Use a Best-of-Breed DNS Provider
DNS is your first point of contact with an end user; without it, your user will never access your site.
So it is essential that it is reliable, performant, and flexible.
Providers, such as cloud providers or CDNs, often prefer (or require) that they also manage your
DNS, but this can create a single point of failure (SPOF); if a provider experiences problems with its
own system, it may also have issues with its DNS provision, making it difficult to use DNS as a
defense against that failure.
Having an independent DNS provider allows you to have policies that favor different cloud
providers/CDNs in different circumstances, such as location, speed, SLAs, etc. This allows you to
optimize your systems based on the output from the monitoring solutions.
Therefore, it’s good practice to use a managed DNS solution that is provider-independent and to
ensure that it offers the services described in the following sections.

A Low-Latency Network
It is essential that the DNS provider you select operates a low-latency network, allowing fast
resolution of DNS records wherever your users are situated.

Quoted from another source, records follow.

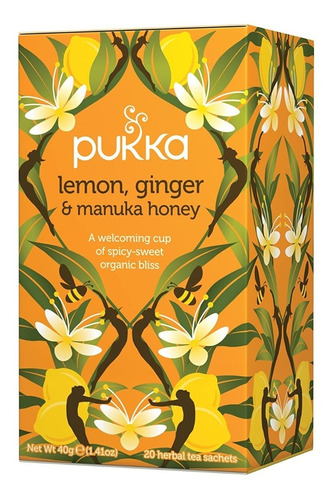 Té Orgánico Lemon Ginger Y Manuka Honey  Pukka 40g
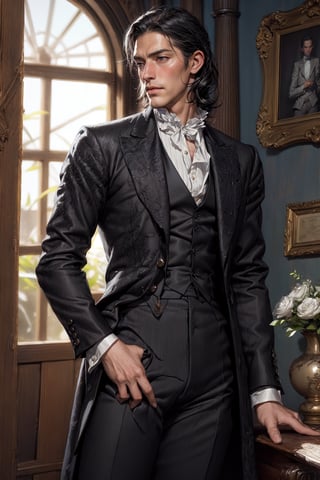 1man, asaian, (Cowboy-shot:1.2), victorian aristocrat clothes, detailed, white skin, black hair, hd, 4K, realistic, black clothes, photorealistic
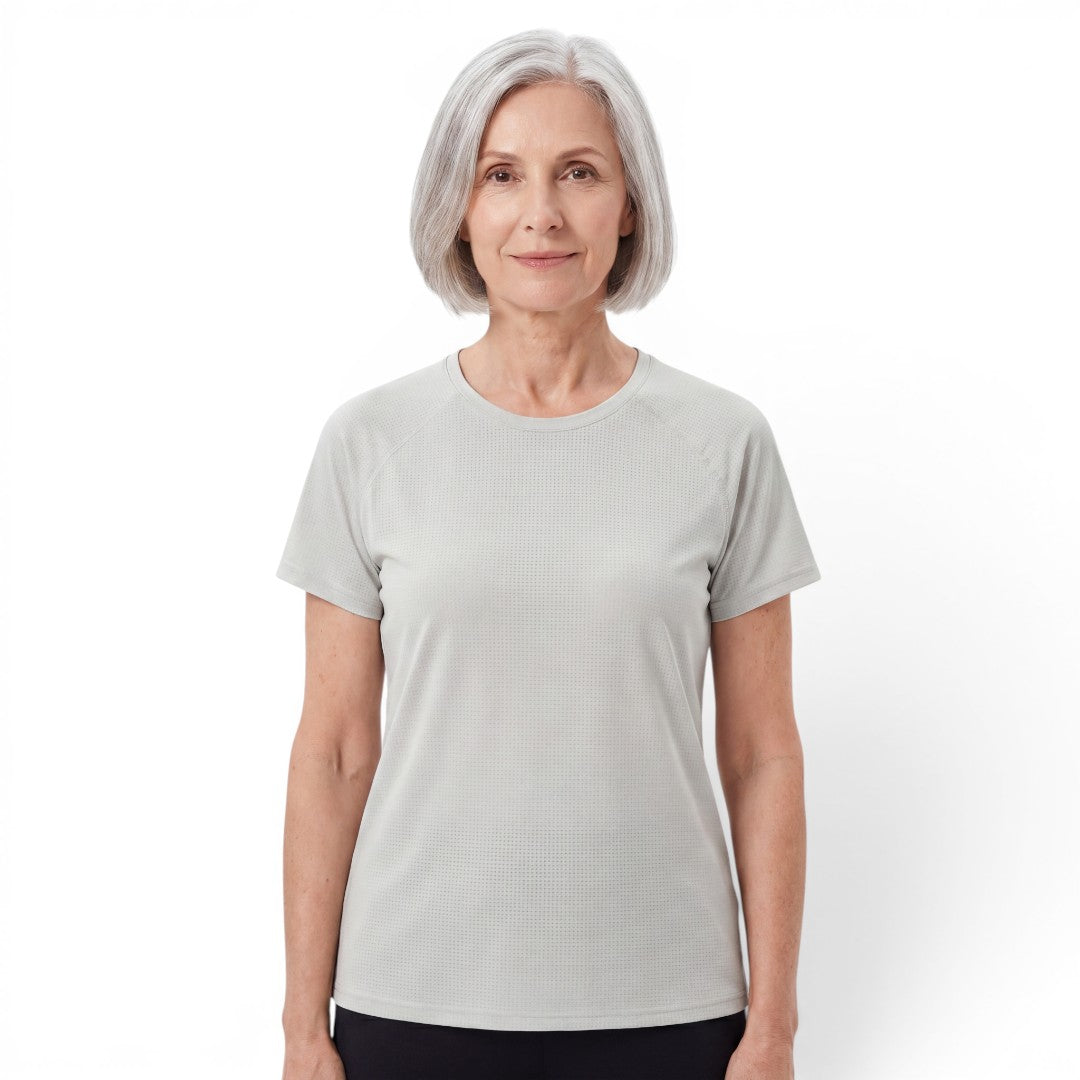 OUTDOORS NORDIC grey quick-dry stretch t-shirt with cooling ice-silk feel worn by a woman on a white background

As all users will need to resolve your DNS record before accessing your system, a slow resolution
time will add delay onto the first request to your site for all users. If you’re using domain sharding
(i.e., serving your content from many subdomains to improve performance), then this delay is
applicable for each of subdomains you are using. (The actual impact of the overall delay will be
dependent on how well constructed your page is; a well-constructed page will ensure that as many
requests as possible are made concurrently.)


Support for DNS-Based Failover
If your provider has a complete outage, then your DNS provider should allow a switch to point traffic
to another location. Alternatively, if one of the cloud providers you’re sitting behind has an outage,
then you need to be able to quickly reroute traffic to bypass that service.
T T L AND DNS
TTL, or time to live, is the element of a DNS record that tells the requester how long the record is valid for. In other words, if the
TTL for your DNS record is set to 24 hours, once a browser has resolved that DNS record, it will continue to use that same value
for the next 24 hours regardless of whether you’ve updated the details.
If the TTL is set too high, then DNS cannot be used as a failover method, as the change will take too long to take effect with any
existing users. Setting a very low TTL, however, adds extra overhead, as DNS lookups have to happen much more regularly, which
adds to the page-load time for a user and increases the stress on the DNS servers.

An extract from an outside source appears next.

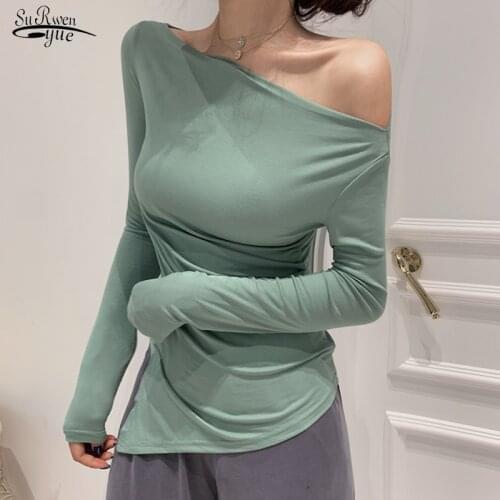 New Slash Neck Sexy Top Shirts Women Off Shoulder Long Sleeve T Shirt Women Korean Style White Tees Office Casual Tshirts 12987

Most DNS providers will allow you to access an interface to make these changes reactively. If you’re
planning to use DNS to provide this functionality, it is essential that you set the TTL for your domain
name to a suitable value. (The default value for most providers is 24 or 48 hours.) Some DNS
providers do not allow changes to TTL records or have minimum values.
More feature-rich managed DNS providers provide automated failover functionality that will
constantly monitor the availability of systems and update DNS records to alternative systems in the
event that failure is identified.

Support for Geolocation
A simple way to mitigate the impact of latency is to serve content from as close to users as possible.

This can be achieved by caching content close to user (see “CDNs”); however, it can also be
achieved by hosting multiple systems at different locations around the world.
ANYCAST
Anycast is an addressing methodology that allows a “one-to-nearest” transmission of traffic to a target node, usually using BGP to
simultaneously advertise the same IP address at multiple locations. In practice, this means that traffic to a single IP address can be
routed to multiple locations based on the location of the request.

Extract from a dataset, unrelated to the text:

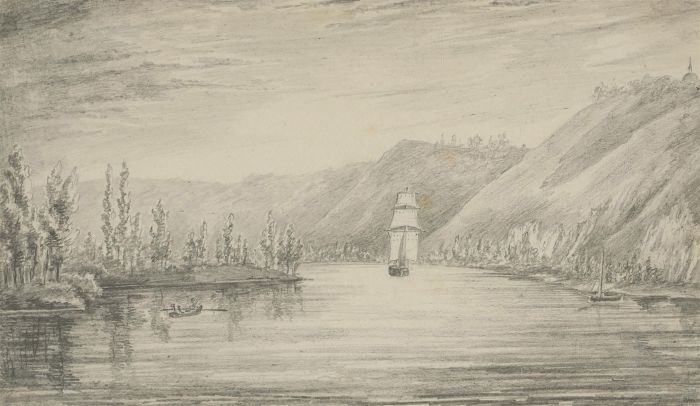 1842 Graphite Drawing - Sailing Ship in a Landscape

Managed DNS providers use anycast networks to allow resolution of DNS records of the most
geographically relevant system. This has some interesting potential solutions that can be employed to
increase your control over your systems.
The obvious implementation of this is to host multiple versions of your system within different
regions. DNS resolution will then route the user to the one that is nearest to them. Many cloud
providers will provide this functionality as part of their service.
However, using a managed DNS service, rather than a cloud provider, to manage geolocation allows
you to have more granular control over the situation under which you will use a cloud provider. For
example, if your chosen cloud provider is weak in one area, then you can use a secondary provider in
that region.


Likewise, if your IPM data indicates that your cloud provider is routing traffic from certain locations
via inefficient routes, you can elect to use a different provider in that region.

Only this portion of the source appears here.